Jacob Laux, age twenty-eight was born in Landau, Bavaria, Germany in 1825. He probably emigrated from the old country in the violence of late 1840’s Germany. When he enlisted in 1853 at thirty-three by a Maj. George Thomas at West Point, New York his English was broken. The list described his eyes as hazel, hair brown, skin sallow, and his height above average for the time. Jacob was assigned to the Second Dragoons in 1853 and rode with young officers like J.EB. Stuart, George Thomas and others. When he re-enlisted in 1858, he was sworn in by a Lieutenant John Gibbon, the writing a sharp, staccato style not artistic or romantic.


Jacob Laux was just one name in long lists of other men. They were faceless names of men who came from various towns from Maine to California. Many came from different countries including. Tipperary, Ireland, Bradford, England, and Putnam, and one of the federation provinces that made up Germany. Upon entering America and with no means, the emigrants saw the army was a viable alternative. These men were of value and the inscription of their names meant a recording for posterity. To reproduce similar quality today requires a skilled calligrapher. These men carried the flag over the parapets or ran from the field. They led men by example to defend an indefensible piece of ground and lost their lives in the effort.


Space to the right of their statistics provided for outcomes of what happened to the soldiers. Some had normal notes like discharged at expiration of service, discharged because of an acquired disability and unable to perform the needed duties. Other notes were more ominous.

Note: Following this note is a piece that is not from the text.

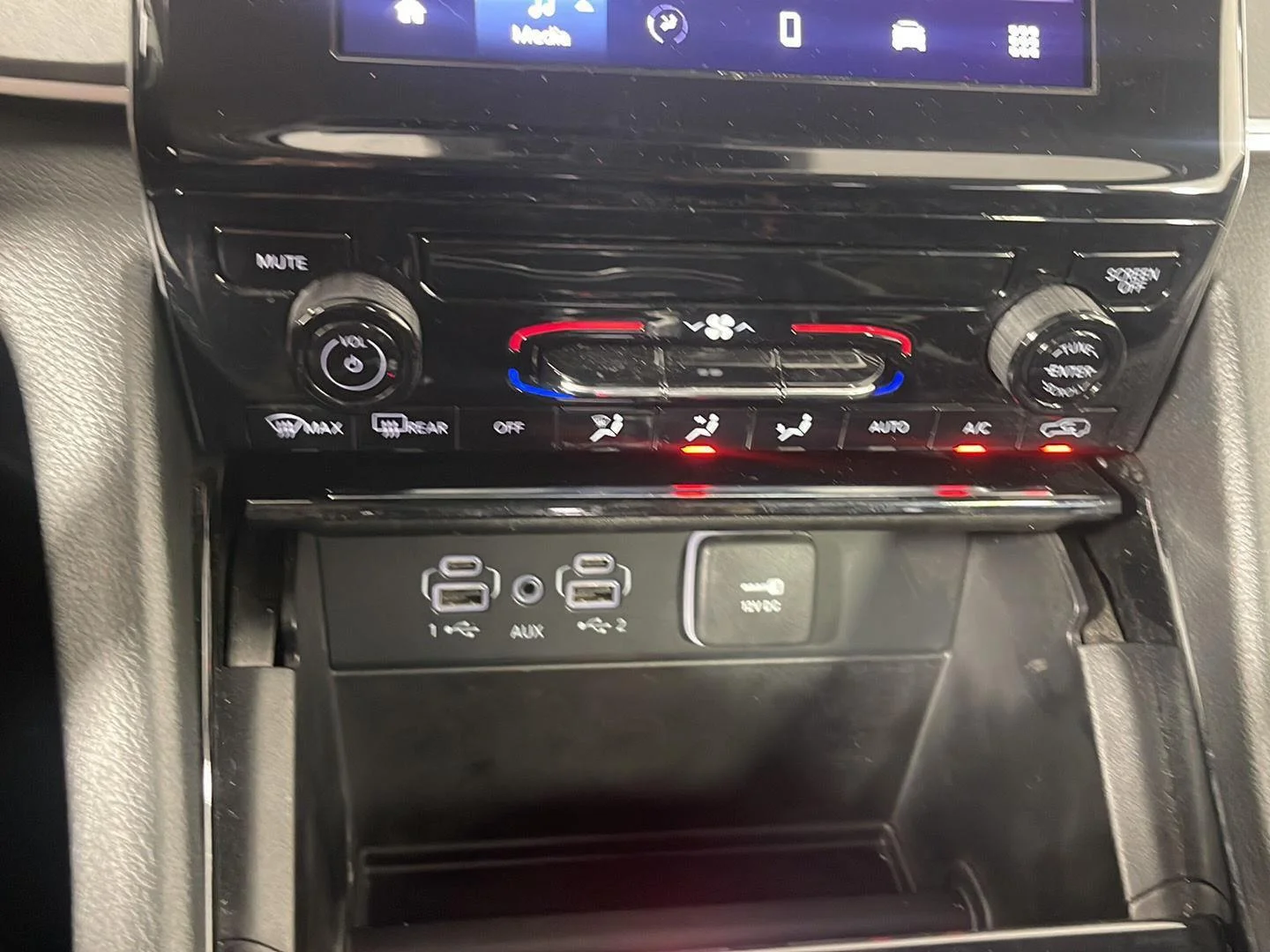 Used 2023 Silver Zynith Jeep Laredo image 20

One soldier’s note was “dropped from the rolls.” The orderly was tired from recording a man absent from roll call. The soldier deserted, apprehended and disciplined, and then deserted again. One died of disease at the Brigade Hospital in Alexandria, VA. Another was discharged by special order of Maj. Gen Geo. B. McClellan (the orderly was possibly geeked to record this entry.) There was the record of the name of Michael Lenahan, the M full of swirls and curves, in A Company, Second Infantry, a thirty-year old from Roscommon, Ireland. Next to his statistics was “executed January,1862” with significant amounts of notation too illegible to read.



Unfortunately, there were the notes difficult to record. An all too brief stated coldly, “killed at Bull Run 7/21/61.” Nothing more. Was the soldier no longer of any more value than four words or was the orderly pained too much by this required entry especially if he knew the soldier, a comrade?


For all of the effort of the orderlies who recorded these soldiers, they left us able to glimpse at an inventory of lives who fought for reasons that we don't know, who survived to go on or died in the struggle. The proof was the recording of the letters in their name.


Note: Jacob Laux’s assignment in the Dragoons transitioned into a position in Griffin’s West Point Battery. He was discharged two weeks before Fredericksburg. There is no further information. He was a carpenter before two terms in the U.S. Army so maybe returned to the skill.


Sources:

Photo above Library of Congress.


U.S. National Archives, Writing Enlistments of Soldiers in Federal Regiments 1798-1914.